In article <1991Jun12.192101.20607@Think.COM> barmar@think.com (Barry Margolin) writes:
> In article <1991Jun12.180414.16718@beaver.cs.washington.edu> pauld@stowe.cs.washington.edu (Paul Barton-Davis) writes:
> >This is the heart of the matter. C++ assumes that EVERY function
> >*requires* a "this" pointer. 
> 
> No, only member functions.

Close.  Only non-static member functions require a "this" pointer.

> >Any ideas on how one would do this if it were not possible (as it
> >currently is) to obtain the actual address of a member function ?
> >I have a few ideas myself, but would like to see some others if there
> >are any.

It *is* possible to take the address of a static member function.

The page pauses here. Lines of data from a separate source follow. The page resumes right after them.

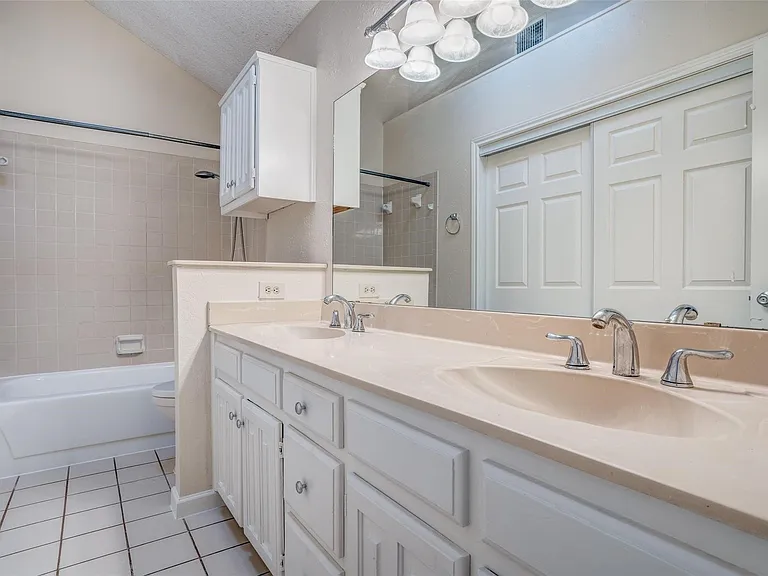 Master bath features dual sinks and large closet.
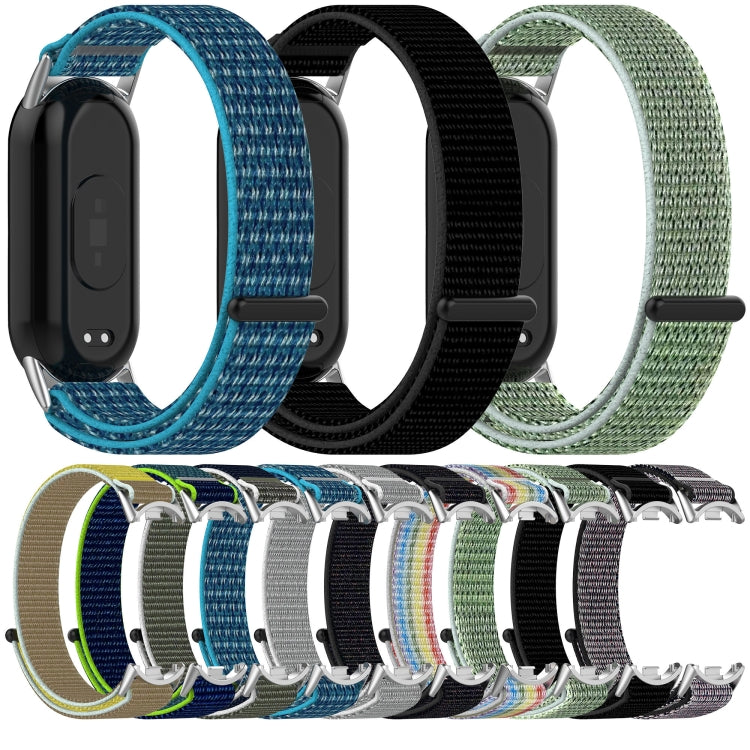 Nylon hook-and-loop watch bands in assorted colors, shown from the back and arranged together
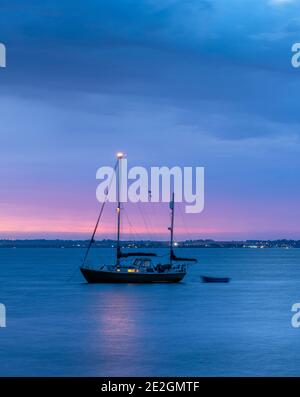 Yacht au large de la côte nord du Kent à Whitstable au crépuscule. Banque D'Images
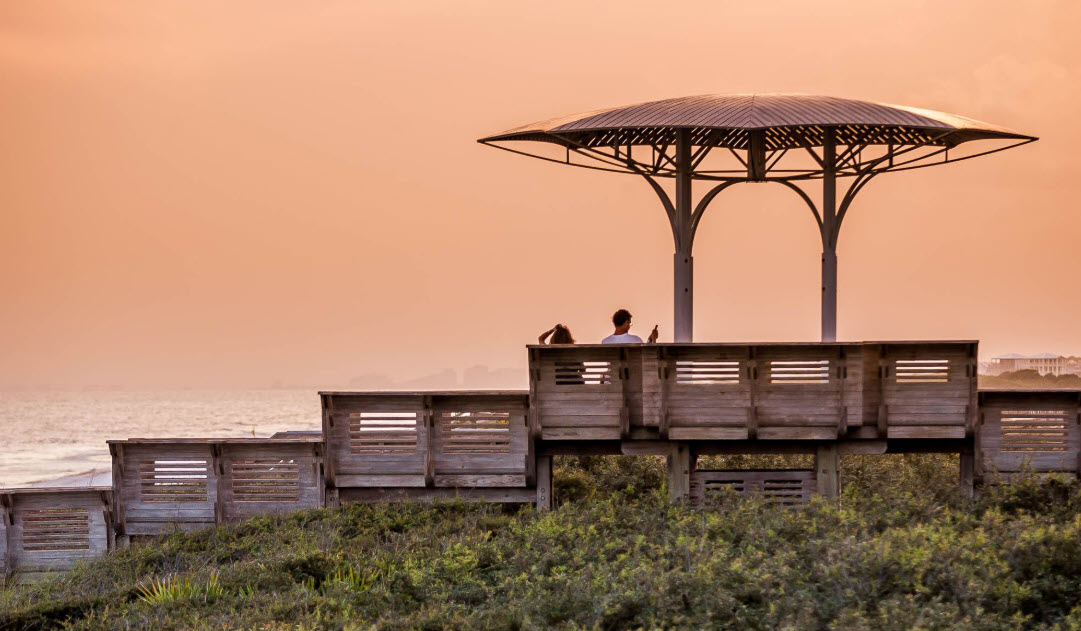 Two people watching sunset from a beach gazebo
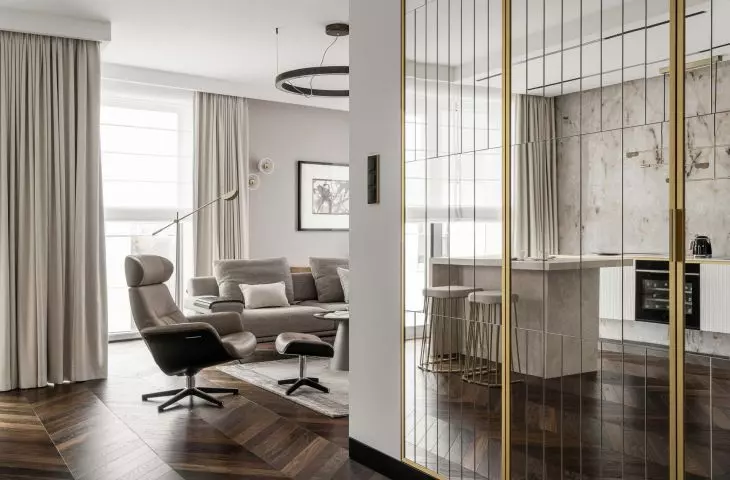 In the hallway there is a mirrored closet with gold elements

> Any problem (except efficiency, maybe) in computer science can be solved by
> adding enough levels of indirection.
> 
> In this case, define a non-member function that takes the class object as a
> regular argument and simply invokes the member function, and pass the
> address of this non-member function.  The non-member function would look
> something like this:
> 
> int nonmember_fn (my_class object, int arg1, char *arg2) {
> 	return object.member_fn (arg1, arg2);
> }

Or, define a static member function, and let it do all the work.
Like so:

    class foo
    {
      public:
        // Don't confuse the following "static" with file static linkage.
	static int bar(foo*, int arg1, char* arg2);
      private:
	int baz;
    };

    int foo::bar(foo* self, int arg1, char* arg2)
    {
	// Use self->baz to access private data member.
    }

The address of foo::bar is &foo::bar.

--
Glenn P. Parker       glenn@bitstream.com       Bitstream, Inc.
                      uunet!huxley!glenn        215 First Street
                      BIX: parker               Cambridge, MA 02142-1270

steve@taumet.com (Stephen Clamage) (06/13/91)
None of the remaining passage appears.